With so much at stake, merchants have to assess whether and when they need outside help. The decision to call in one or more specific experts or turn to an agency begins with introspection.

Begin with an assessment

Before we get to the question of agency or expert, merchants should outline their goals and objectives for what they want to accomplish online. This is not a complete business plan, but it does serve as the high-level strategic goals.

Next, do a candid assessment of internal resources. Do you have the in-house expertise to create and execute a detailed plan for success? Are you willing to trust and support those experts on your team who have the experience to create a productive online effort?

Once you have this basic assessment, you can then begin determining what external resources you need.

Start with an expert plan

Before you do anything to move further in ecommerce, you should, by your assessment, know the extent of any weaknesses in your organization. Some merchants have great business analysis capabilities but lack online marketing experience. Others have managers who are very adept at customer acquisition but are less skilled at the logistical aspects of distribution and fulfillment. Some merchants are enjoying success with an online store, but need assistance planning for multiple channel selling (e.g. Amazon, eBay).

The construction of a detailed plan is usually outside the capabilities of a single, expert individual. Yes, there are unique individuals who have the depth of personal experience to build truly comprehensive, actionable business plans. But, even in those cases, there are unseen limitations simply due to the fact that the complexities of today’s ecommerce landscape preclude the possibility of a single expert having the broad knowledge needed.

When an agency is ideal

Regardless of how much help you may need to construct an actionable plan, the decision to employ an expert or an agency should boil down to experience.
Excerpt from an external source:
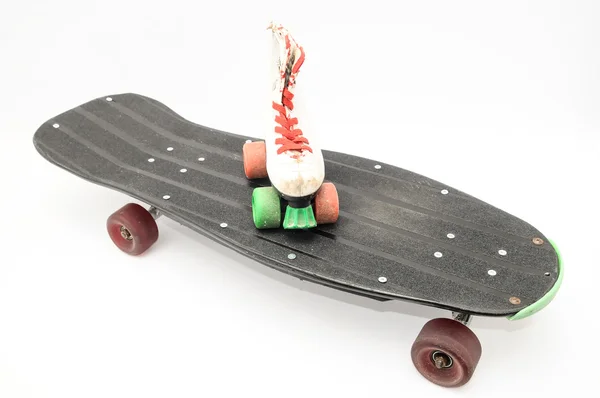 Oude gebruikte houten skateboard — Stockfoto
More specifically, experience in your type of ecommerce. Direct-to-consumer (D2C) is vastly different from business-to-business (B2B); drop shipping is different than selling from inventory; hard goods have different needs than intangible services.

Since a proper business plan must address so many different areas of expertise, an agency is, by nature, the best resource for this first, most important step toward online success. True ecommerce agencies call upon a team of experts — both internally and externally — to bring together vetted, creative ideas. Agencies, as true representatives of the merchant, can more expertly assess new platforms and technologies than most merchants.
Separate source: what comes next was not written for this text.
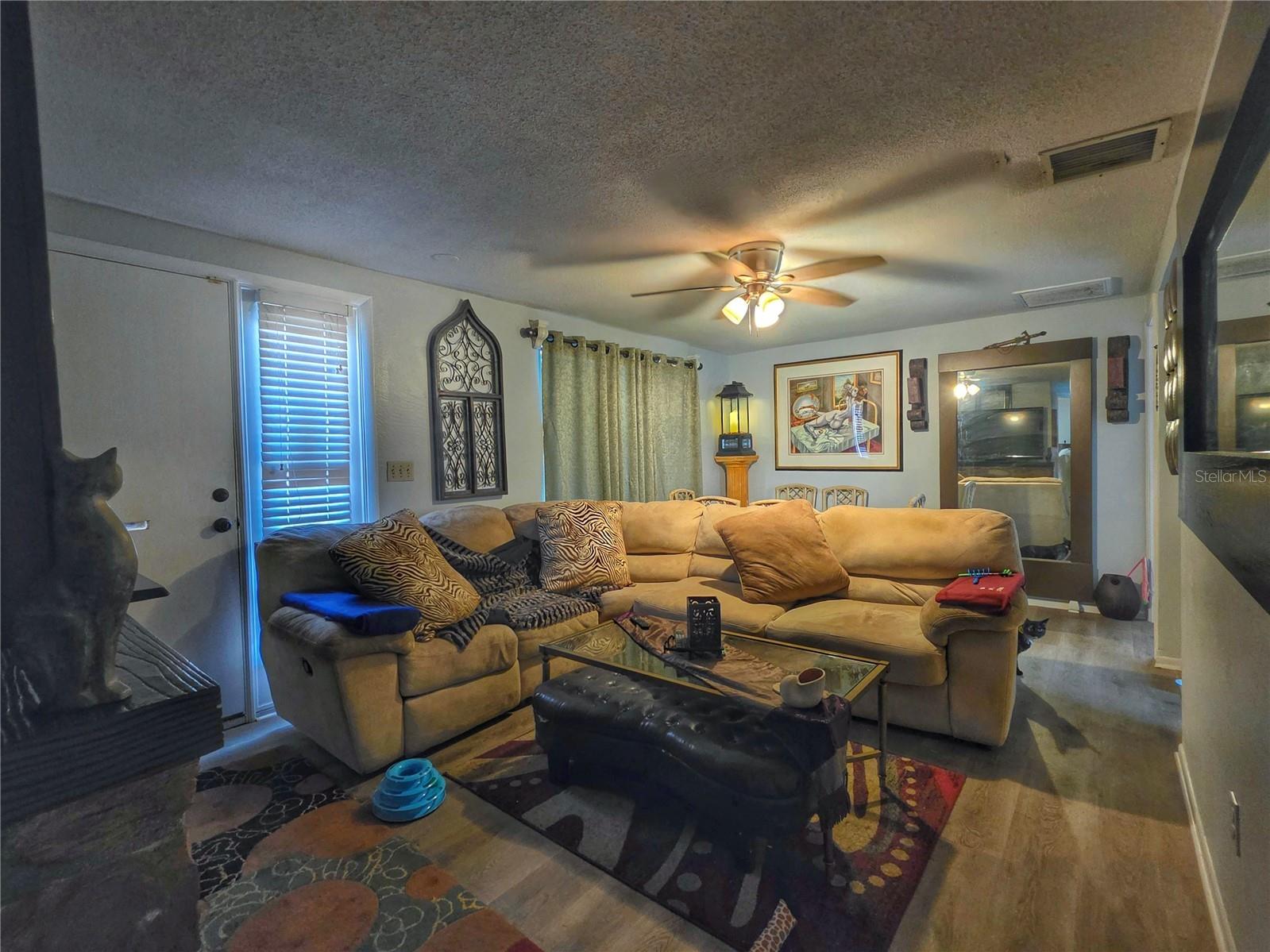 Listing photo id 8 for 2509 Cheval Drive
A proper business plan should map out tactical steps for reaching your objectives for the next 12-24 months. It should include costs, timelines, and possible resources. An ideal business plan should leverage a much of your resources as possible, including recommendations for staff hires or realignments.
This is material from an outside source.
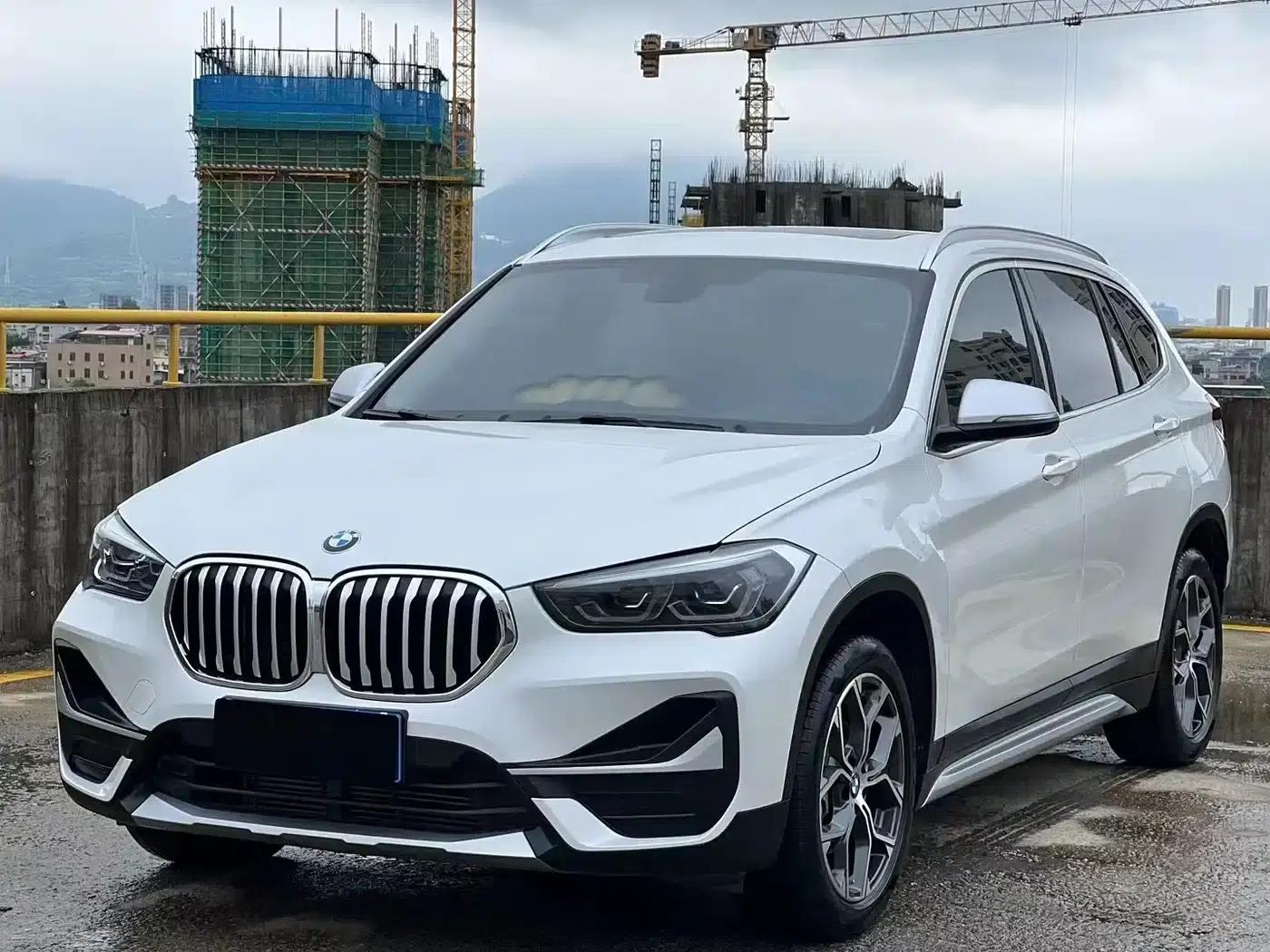 BMW X1 2022 sDrive25Li Leading Edition — миниатюра 1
And while agencies are also keen on capturing some of the after-work from the final business plan, they also realize that any future work for the client will be measured against the very KPIs the agency conceived and included in any plan. Singular experts or agencies focused on only select aspects of ecommerce are not necessarily bound to the eventual results of a plan — at least not to the extent of a full agency.

For merchants who want a vested partner — one whose own prospects for income are tied to a merchant’s success — an agency can be a very viable avenue. To be sure, the use of an agency for not only the planning process but also for any tasks created by the plan requires a great degree of trust by the merchant. But, with the right agency partner, the possibility of success can be improved.

When an expert is ideal

Some mid-market merchants are fortunate enough to have in-house leadership that has the experience, drive, and creativity to manage all aspects of a powerful online selling effort. While any such manager would be the first to admit they don’t have all the answers, the more successful ones do have an intimate understanding of the dynamics of online commerce and how it differentiates from offline commerce. Their backgrounds are steeped in ecommerce and they know how to bring together experts and niche agencies in a cooperative, synergistic manner.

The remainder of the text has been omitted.